Golden Lawbreakers Revisited
Even David Broder Calls Usurper Boy on His "Stealth Partisanship"
By Tamara Baker

Jan. 4, 2001 -- SAINT PAUL, MINNESOTA (APJP) -- Remember how, not quite a year ago, I described how the incoming unelected junta had decided to scrap Clinton-era rules preventing the Federal government from awarding contracts to known environmental, labor or equal-employment scofflaws?

Well, guess who's using "the fog of war" to make it official!  As David Broder says in his 01/01/02 Washington Post column:

It was a classic stealth maneuver -- and it worked. Two days after Christmas, with President Bush at his Texas ranch and most of official Washington on vacation, the White House announced the rejection of regulations that would have barred companies that repeatedly violate environmental and workplace standards from receiving government contracts.

Yupper.

This was so stinky a trick that even David Broder, who like most of the WP scribes usually goes out of his way to give Usurper Boy and his crew every benefit of every doubt, had to mention it.

But here -- let me let Mr. Broder tell you, in his own words:

Few in the press noticed, and those papers that printed anything about the decision buried the stories on inside pages. But this was no trivial matter. A congressional report had found that in one recent year, the federal government had awarded $38 billion in contracts to at least 261 corporations operating unsafe or unhealthy work sites. The regulations Bush killed were designed to stop that.

Which is exactly why he killed them.

And, as Broder says:

This is a classic example of the difference between the parties. These particular rules were issued at the very end of the Clinton administration, after being published in draft form 18 months earlier. Former vice president Al Gore had publicly promised organized labor he would see that they were finished before he left that office.

Business opposed them, and Bush suspended them barely two months after he moved in, finally killing them last week. The move was a companion to the earlier 2001 action by the House and Senate, both then controlled by the Republicans, in setting aside Clinton administration regulations on ergonomics, designed to protect workers from repetitive motion injuries. The Chamber of Commerce and similar groups led the fight to spike them, too.

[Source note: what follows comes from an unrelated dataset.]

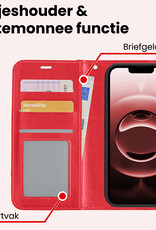 NoXx NoXx iPhone 16E Hoesje Bookcase - Rood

Of course, back in March, Usurper Boy's people promised that "more reasonable" regulations would soon be set forth by the Bush Junta. But guess what Mr. Broder found?

A phone call to the Labor Department last week elicited the information that no new regulations have been issued, and no one could say when they will be.

That is the game: Kill the rules you don't like quickly and quietly, then take your sweet time writing new ones. Don't worry about how many strained backs or stiff wrists people suffer in the meantime. And now, don't worry if the companies that tolerate unsafe conditions are getting fat government contracts at the same time.

As Mr. Broder later goes on to say, this is why it matters which party holds the White House.

Something to contemplate, when you can't tell the difference between Dems and Reps.